Segment Start: THE DATA

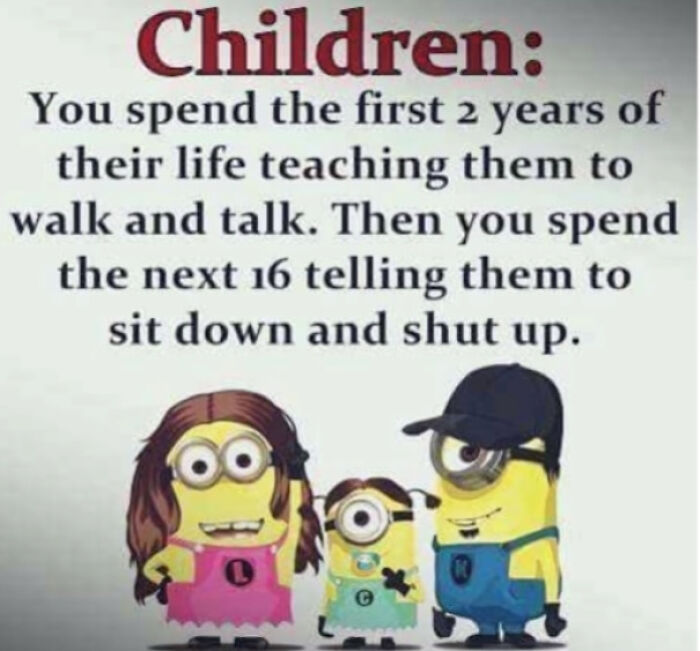 Why Is It Always The Minions?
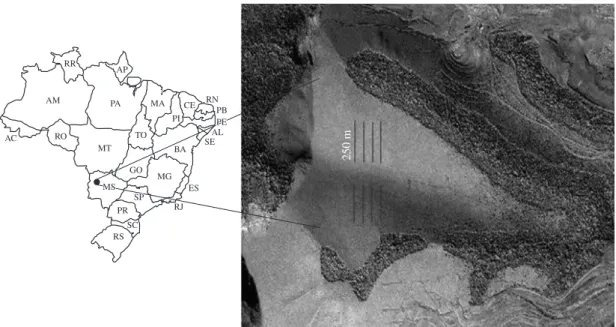 Figure 1. Map showing the study site in the Urucum plateau, Corumbá, Mato Grosso do Sul, Brazil and the four transects of  250 m on each side of the hill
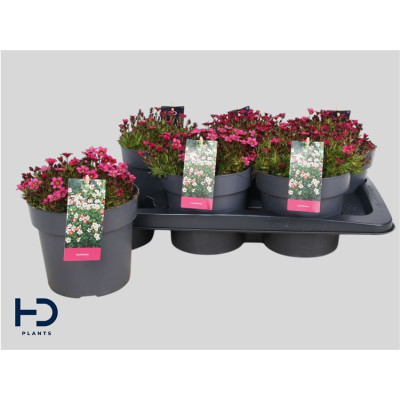 .Saxif Ar Marto Rose pot 17...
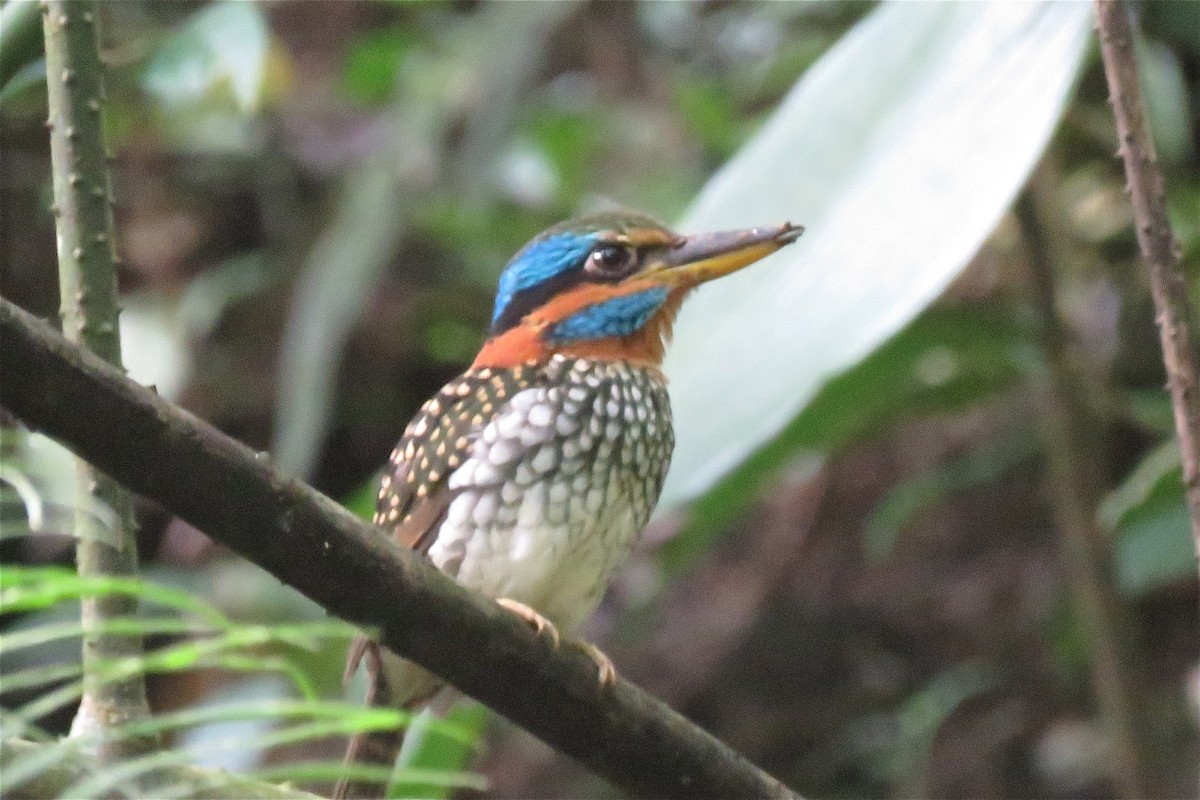 Spotted Kingfisher - ML638660706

Segment End: THE DATA

REQUIREMENT →
The full listing must come back exactly as written, with its pictures left out.

RESULT FOR THIS EXERCISE →
 Why Is It Always The Minions?
 Figure 1. Map showing the study site in the Urucum plateau, Corumbá, Mato Grosso do Sul, Brazil and the four transects of  250 m on each side of the hill
 .Saxif Ar Marto Rose pot 17...
 Spotted Kingfisher - ML638660706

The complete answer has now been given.